Laut der Roten Liste der IUCN kommt der Langschnabelweih in folgenden Gebieten vor: Anguilla, Antigua und Barbuda, Argentinien, Barbados, Belize, Bolivien, Brasilien, Kolumbien, Costa Rica, Kuba, Dominica, Ecuador, El Salvador, Französisch-Guayana, Grenada, Guadeloupe, Guatemala, Guyana, Honduras, Martinique, Mexiko, Montserrat, Nicaragua, Panama, Paraguay, Peru, St. Kitts und Nevis, Saint Lucia, Saint Vincent und die Grenadinen, Surinam, Trinidad und Tobago, USA und Venezuela. Der Langschnabelweih hält sich in subtropischen und tropischen Trockenwäldern, in subtropischen und tropischen feuchten Tieflandwäldern, in subtropischen und tropischen Montanwäldern, im subtropischen und im tropischen Buschland mit Trockenwald sowie auf Plantagen auf.

Ernährung

Der Langschnabelweih ernährt sich vorwiegend von terrestrischen und arborealen Schnecken, gelegentlich nimmt er auch Frösche, Salamander, Eidechsen, Leguane, Vögel wie zum Beispiel Fischertukane (Ramphastos sulfuratus), große Insekten (einschließlich Raupen) und Spinnentiere zu sich. Er erbeutet vielen Schnecken, die auf Ästen und an Baumstämmen leben. Oft gleitet der Langschnabelweih von einem Ast aus auf den Boden, um Schnecken und andere Beute einzufangen. Smith und Temple (1982) fanden heraus, dass eine bimodale Verteilung der Schnabelgröße bei dieser Art in vielen Teilen des Verbreitungsgebietes eng mit den Größen der häufigsten Baumart im Zusammenhang mit Schnecken in einer bestimmten Region auftritt. Der Schnabel dieser Art ist nicht so für das Aufbrechen der Schneckenhäuser spezialisiert wie bei dem Schneckenweih (Rostrhamus sociabilis).
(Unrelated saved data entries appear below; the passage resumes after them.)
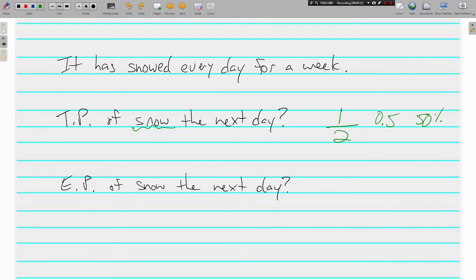The experimental probability of snow the next day, well, if it's snowed every day for a week, what's our experiment out of? Well, it's out of seven. There's seven days in a week.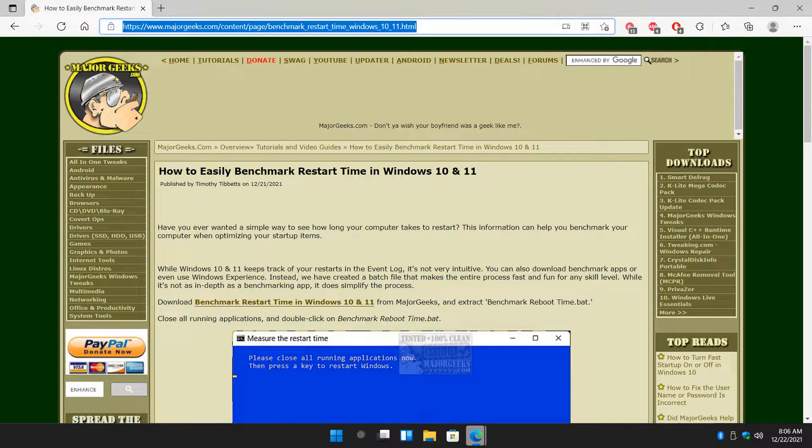Hey there geeks, Tim with MajorGeeks.com. Today we're going to show you how to easily benchmark restart time or reboot time in Windows 10 or 11.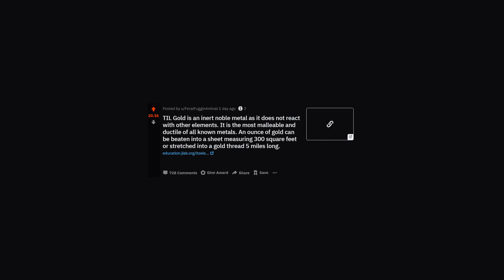TIL gold is an inert noble metal as it does not react with other elements. It is the most malleable and ductile of all known metals. An ounce of gold can be beaten into a sheet measuring 300 square feet or stretched into a gold thread 5 miles long.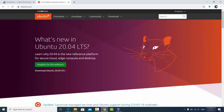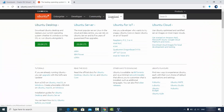Ubuntu 20.04 is the latest version of Ubuntu which was released recently. Here you will see a Downloads tab, and when you click on the Downloads tab you will see the Ubuntu Desktop option.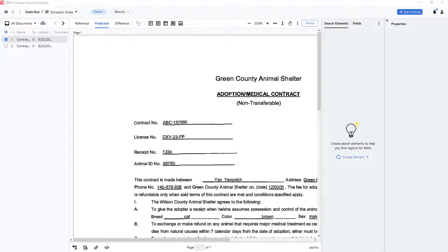How to locate and capture text strings in Vantage Advanced Designer. Text strings can be located and captured using the static text element in Vantage Advanced Designer.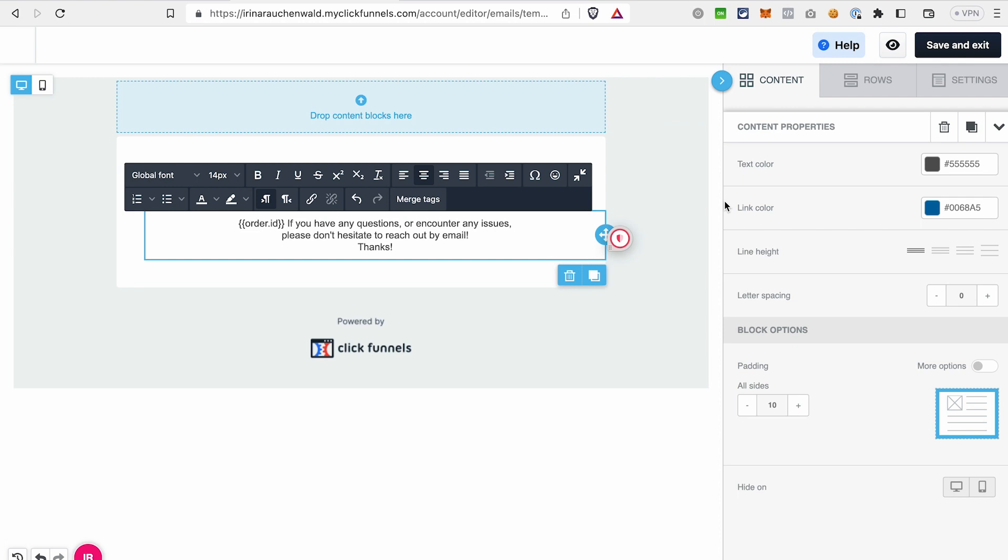This is how easy you can personalize the emails that you're sending from ClickFunnels 2.0 with the information and data that you have available for your contacts. If this video was helpful, give it a thumbs up, subscribe to our channel and don't forget to enable notifications to not miss out on the future content.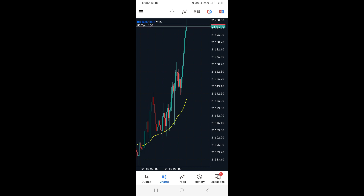So basically, guys, that's how you can actually add indicators on a MetaTrader 5 chart on your mobile phone.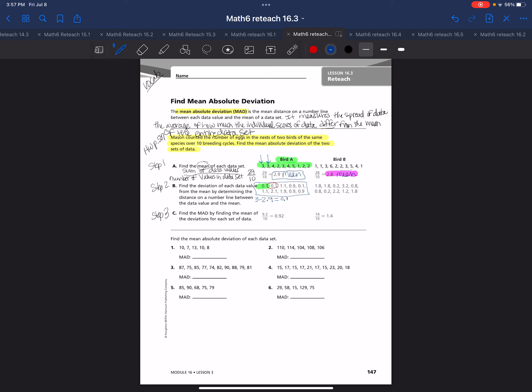Then they take the next value, 4, so they do this for every single one. They do 4 minus 2.9, and they get 1.1. Then they take the 2. When you have 2, it's smaller than 2.9, so then you take the larger one minus the smaller one, and you get 0.9. So that's where they're getting that number.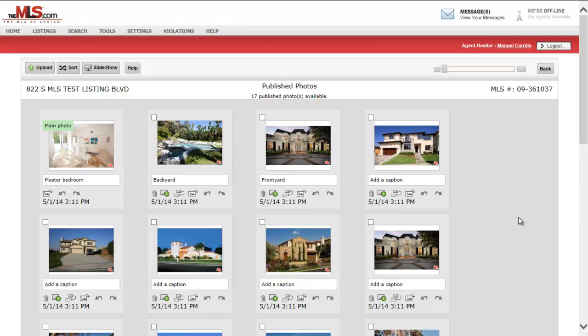So try the all-new Photo Upload Utility today — another great enhancement from MLS.com. Let's go.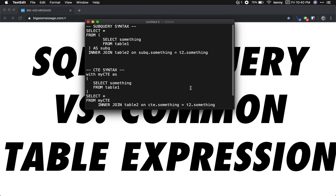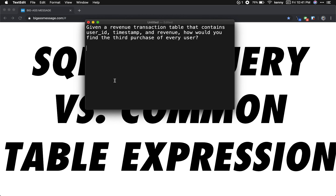We're going to go ahead and work on a problem that utilizes both — a subquery and a common table expression. Given a revenue transaction table that contains three columns — user ID, timestamp, and revenue — how would you find the third purchase of every user? A good hint: you should use a window function. We're going to use the RANK window function.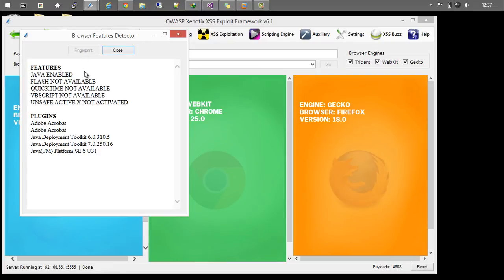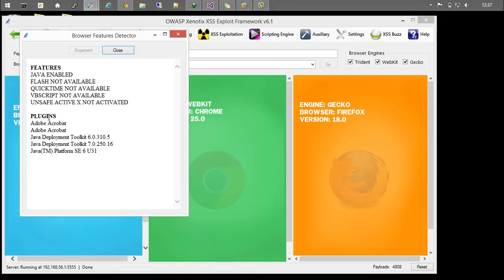It tells you that Java is enabled, Flash is not available, QuickTime is not available, and what other plugins are installed. This also helps you widen the scope of exploitation.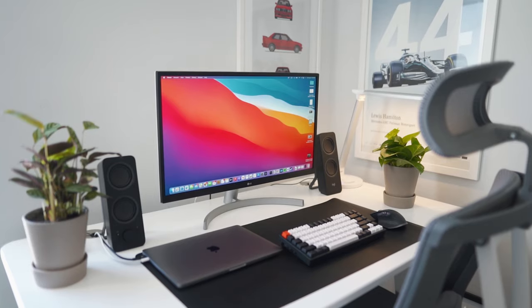What's going on everybody, in today's video I'm going to be showcasing the ultimate MacBook Pro M1 chip student desk setup.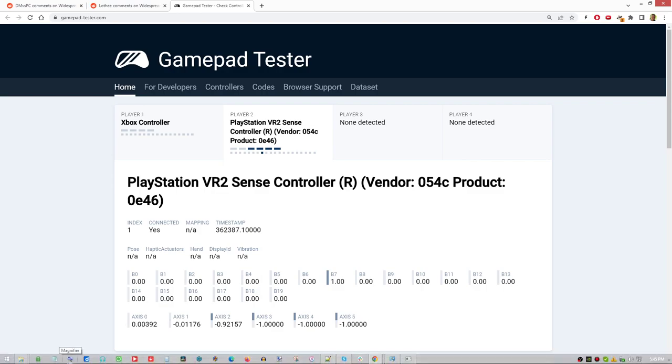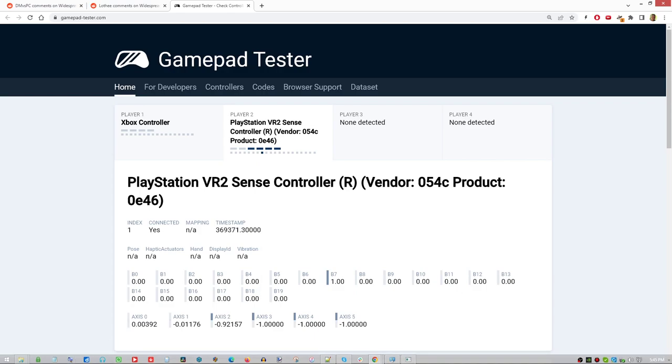But for everybody else, try this website. If it registers anything other than minus one, you've got a faulty controller. Get in touch with Sony. Thank you.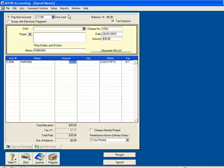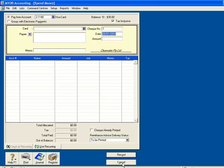At the top it says Visa card, which in this instance is correct. But if I had paid this by cash, I would change it here, and I would change the cheque number to be cash. If I had paid for it by some other means, I would change it to be appropriate. Once I've entered all the information, I click on Record. This is a very quick method of entering expenses.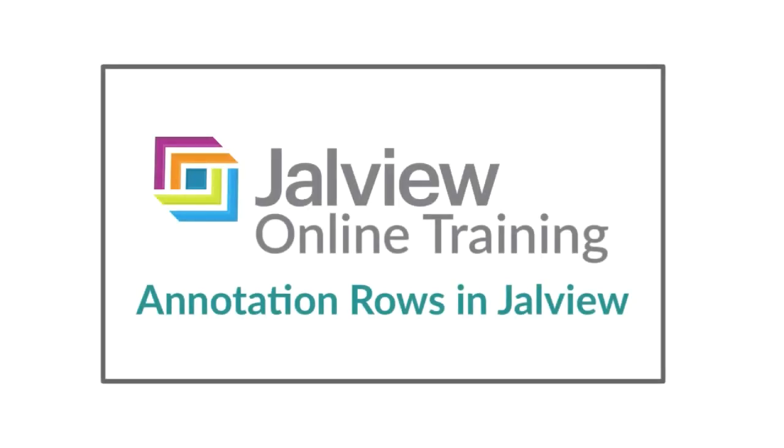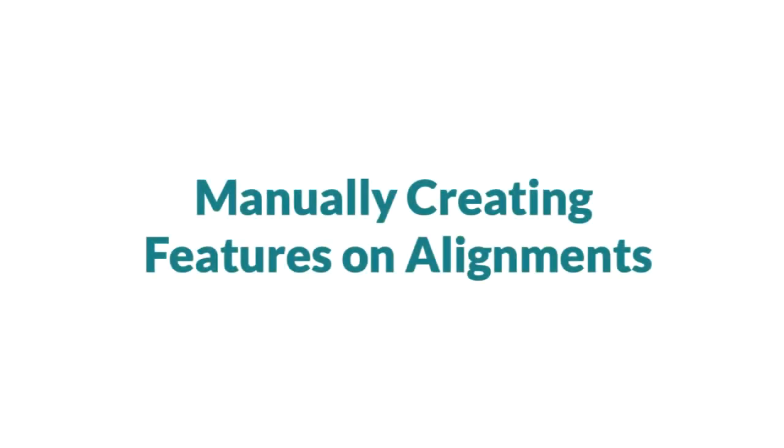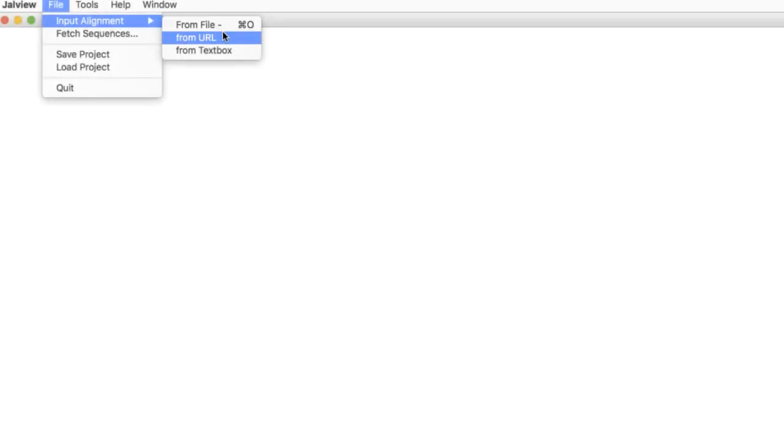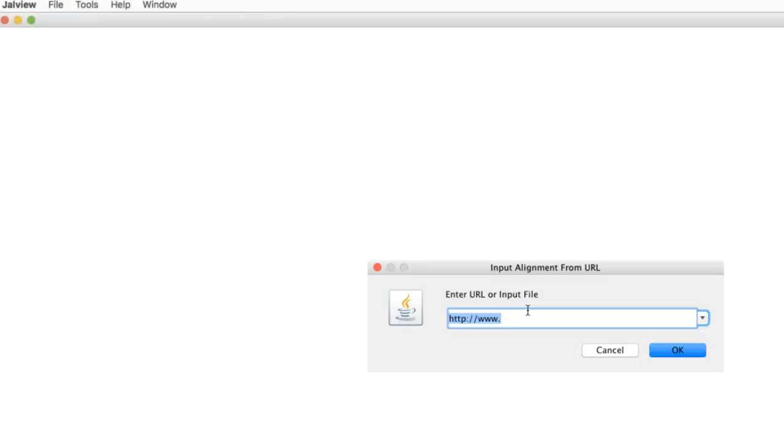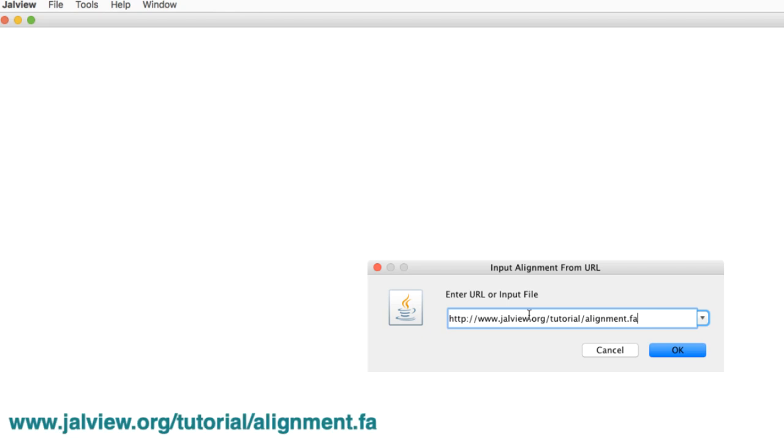We have another video that discusses annotations. The link is in the text below. I will demonstrate how to manually create sequence features on the alignment. First, I will import a group of sequences that have already been aligned. The URL is shown on the screen and is in the notes below.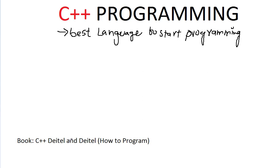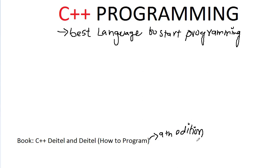And we are just following the book of Deitel and Deitel, How to Program. I have this book, ninth edition. We are just following this book.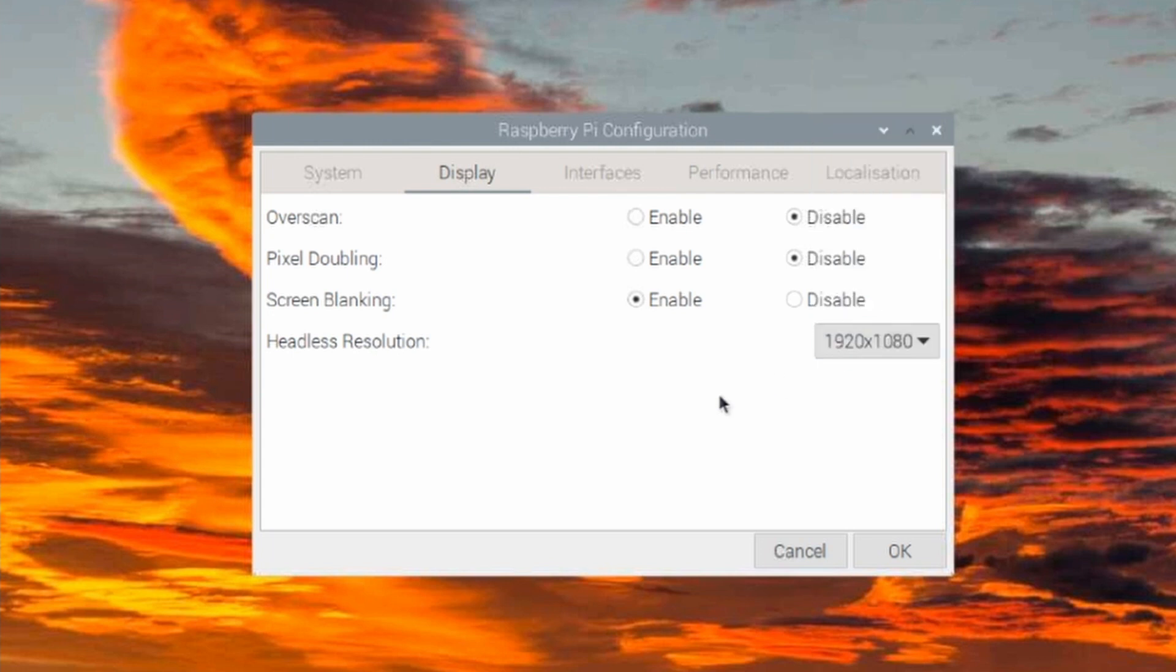Once you change it and you click OK, it will ask you to reboot. You do have to reboot in order for everything to take effect.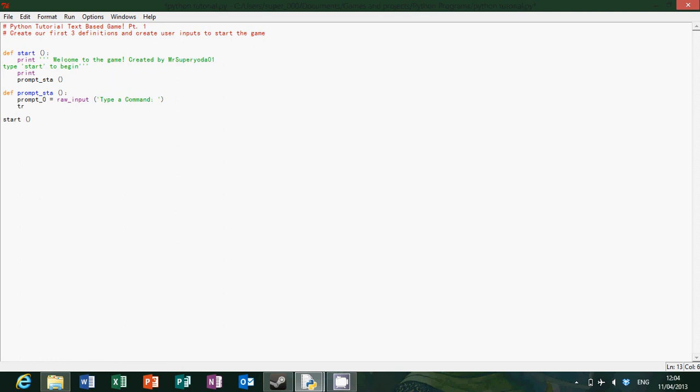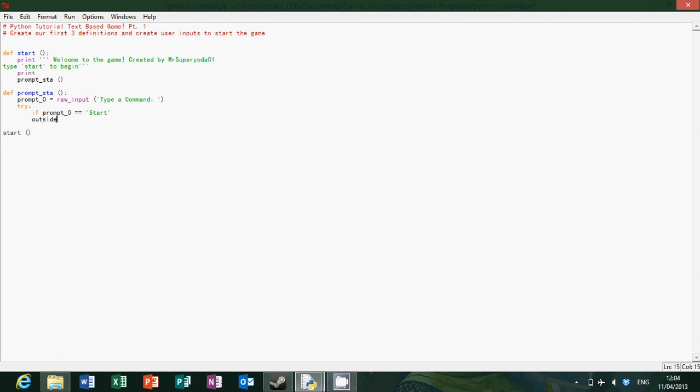So then if we go on to try, so then if prompt 0 equals, so basically going if you typed in start, then we can bring you on to outside house. So that means that if you typed in start then it will bring you to the outside of the house which is what we can define next.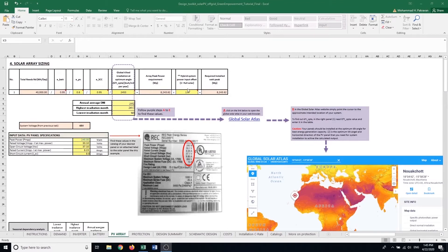If I'm using a hybrid system — meaning I have backup generation like a micro-hydro system or a diesel generator — that's going to supply part of the demand for electricity. I put the fraction of demand I need to meet with my solar PV system here. For the purpose of this example, I'm going to provide all the demand by the solar PV system, so I keep this value as one.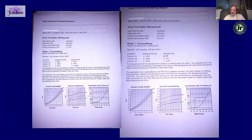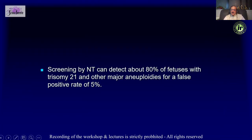After you have done the measurement, we need to correlate it with the CRL. We can do this using certain online applications or by going to the FMF site. NT can pick up almost 80% of fetuses with trisomy 21 and other chromosomal abnormalities.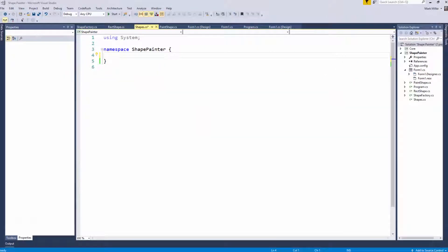Welcome to CodeRush Feature of the Week. What have we got this week, Mark? This week, I'm going to show you E for enum.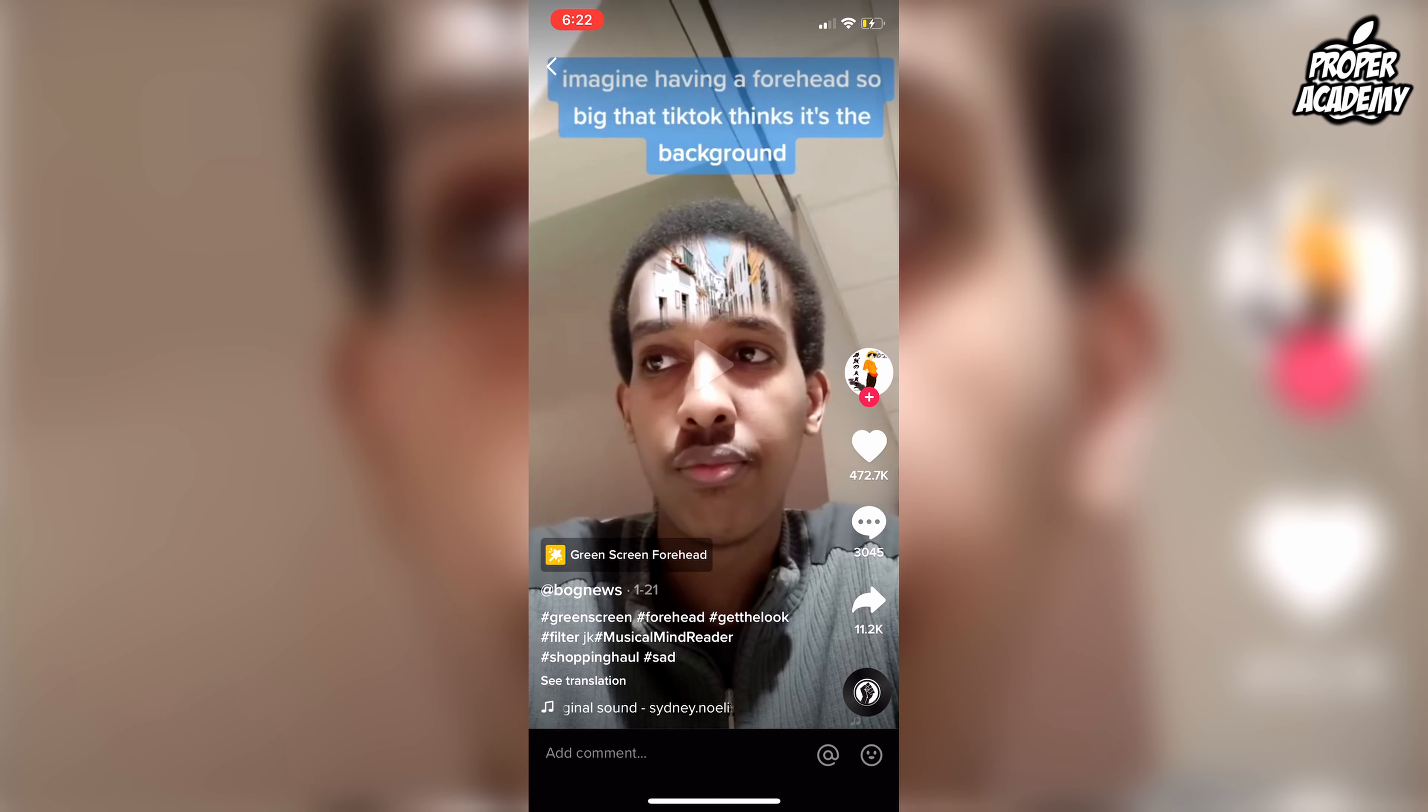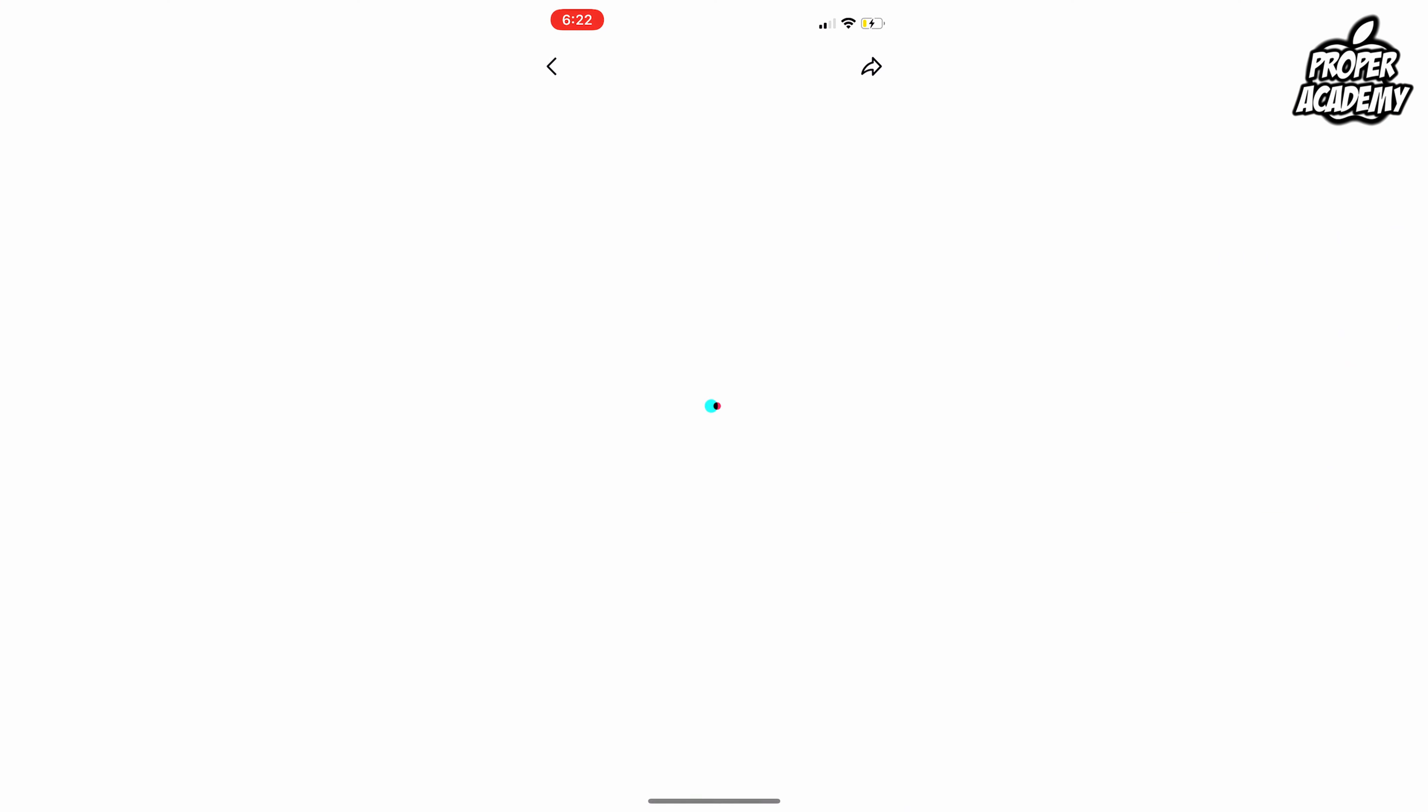Once you're on your discover tab, go up to the search bar and search for green screen forehead. Once you search for that, find somebody with the video on their timeline. When you see a video with the filter you want, click on it.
Selten erbeutet der Langschnabelweih große aquatische Schnecken wie zum Beispiel aus der Gattung Ampullaria und Pulmonaria. Diese Schnecken sind eine bevorzugte Beute des Schneckenweih (Rostrhamus sociabilis). Zu den häufigsten Schnecken zählen unter anderem die Landschnecken Bulimulus alternatus, Bulimulus poecilus, Bulimulus wiebesi, Pleurodonte perplexa und Rabdotus alternatus, die Baumschnecken Endolichotus grenadensis, Orthalicus ponderosus, Orthalicus undulatus, Orthalicus fide, Dryameus colimaensis, Drymaeus dominicus, Orthalicus princeps und Helicina rostrata, die aquatischen Schnecken wie zum Beispiel Pomacea flagellata und riesige Landschnecken wie zum Beispiel Strophocheilus oblongus. Der Langschnabelweih balanciert wie ein Papagei kopfüber zwischen Ästen und Zweigen und pflückt mit seinem Schnabel die Schnecken von den Blättern oder von den Ästen. Kleine Schnecken werden mit samt der Schale geschluckt. Temple und Smith (1982) und Smith (1988) beschrieben die Extraktions-Methode bei Schnecken im Detail, basierend auf Beobachtungen von über 60 Extraktionen. Das Schneckengehäuse wird in der Regel mit einem Fuß gegen einen Ast gedrückt und die Blende der getrockneten Membran entfernt. Das Schneckengehäuse ist so angeschlagen, dass sich eine große Öffnung gebildet hat und der Vogel seinen Oberschnabel in diese Öffnung einführen kann, schrittweise bricht er mit seiner Schnabelspitze die inneren Windungen des Gehäuses auf, um an die Schnecke heranzukommen und sie dann im Ganzen zu schlucken.

Fortpflanzung

Acacia farnesiana Habit (synonym Acacia minuta)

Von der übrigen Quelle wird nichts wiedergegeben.